This oven baked 4-ingredient cream cheese potato puff is the kind of side dish that disappears first from the holiday table. My grandmother made it every Thanksgiving and Christmas on our old farmhouse stove, and she never needed to look at a recipe. Just potatoes, cream cheese, butter, and a little milk, whipped together and baked until the top turned golden and the inside stayed soft and cloud-light. It’s simple, comforting Midwestern cooking at its best—no fuss, no fancy tricks, just a creamy potato puff that melts right in your mouth and feels like home with every bite.
Serve this cream cheese potato puff alongside roast turkey, ham, or pot roast—anything with good pan drippings or gravy. A crisp green salad or buttered green beans balance the richness nicely. It also pairs well with glazed carrots, roasted Brussels sprouts, or a simple corn casserole for a full holiday spread. If you happen to have leftovers, they reheat well and make a cozy partner for meatloaf or a skillet of breakfast eggs the next morning.
Oven-Baked Cream Cheese Potato Puff
Servings: 6-8

Ingredients
3 pounds russet potatoes, peeled and cut into chunks
8 ounces cream cheese, softened
4 tablespoons unsalted butter, softened (plus a little extra for greasing the dish)
1/2 cup whole milk
Directions
Preheat your oven to 375°F (190°C). Lightly butter a 2-quart glass casserole dish and set aside.
Place the peeled, chunked potatoes in a large pot and cover with cold water by about 1 inch. Add a generous pinch of salt if you like. Bring to a boil over medium-high heat, then reduce to a steady simmer.
Cook the potatoes until very tender, 15–20 minutes, or until a fork slides in and out easily. Drain the potatoes well and return them to the warm pot.
Add the softened cream cheese and softened butter to the hot potatoes. Let them sit for a minute so the heat begins to melt everything together.
Pour in the milk, then mash the potatoes until very smooth and fluffy. You can use a potato masher or an electric hand mixer on low speed. Taste and add a little salt and pepper if desired, though my grandmother often let the butter and cream cheese do the talking.
Spoon the mashed potato mixture into the prepared glass casserole dish, smoothing the top. Use a fork to lightly drag across the surface to create ridges—these will brown beautifully in the oven.
Bake, uncovered, for 25–35 minutes, or until the top is lightly golden brown and the edges are just starting to puff away from the sides of the dish.
Let the potato puff rest for about 5–10 minutes before serving. The inside will be creamy and soft, while the top stays slightly crisp and golden. If you like, sprinkle a few chopped fresh chives or green onions over the top right before bringing it to the table.
Variations & Tips
For a slightly tangier flavor, you can use a mix of cream cheese and sour cream, keeping the total amount close to 8 ounces so the texture stays light and puffy. If you prefer a richer dish, swap half-and-half for the milk.
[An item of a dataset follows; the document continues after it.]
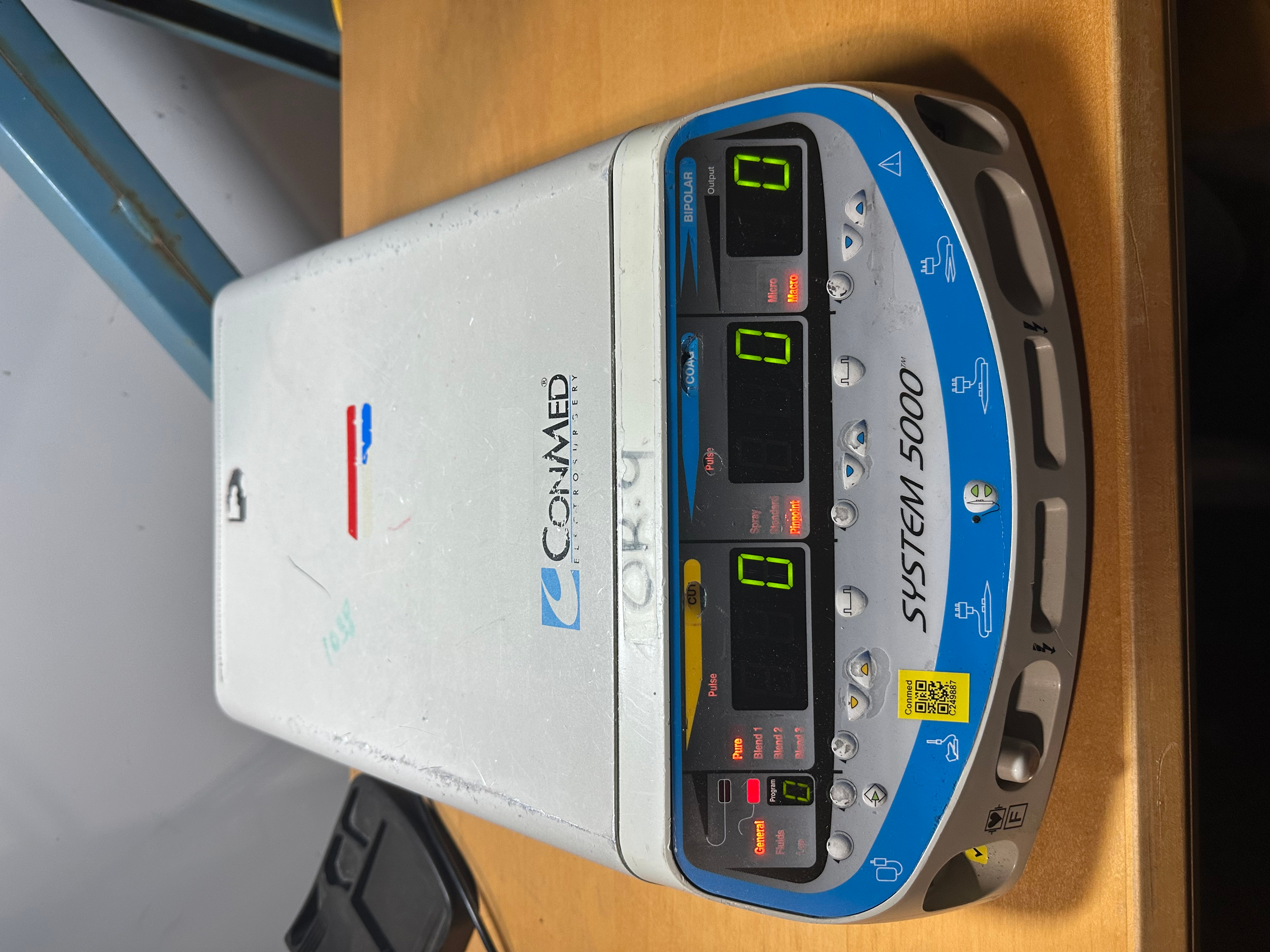 ConMed System 5000 Electrosurgical Unit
This recipe is easy to make ahead: prepare and assemble the potatoes in the buttered dish, cover, and refrigerate up to one day. Bring to room temperature while the oven heats, then bake until hot and golden, adding 5–10 extra minutes if needed. For a bit of extra color on top, dot with tiny pieces of butter before baking or run the dish under the broiler for a minute or two at the end—just watch closely. While my grandmother kept it to four core ingredients, you can quietly tuck in a handful of shredded cheddar or a spoonful of grated Parmesan if your family likes cheese, or stir in finely chopped chives for a gentle onion note. Leftovers can be scooped into patties and pan-fried in a little butter the next day for crispy potato cakes.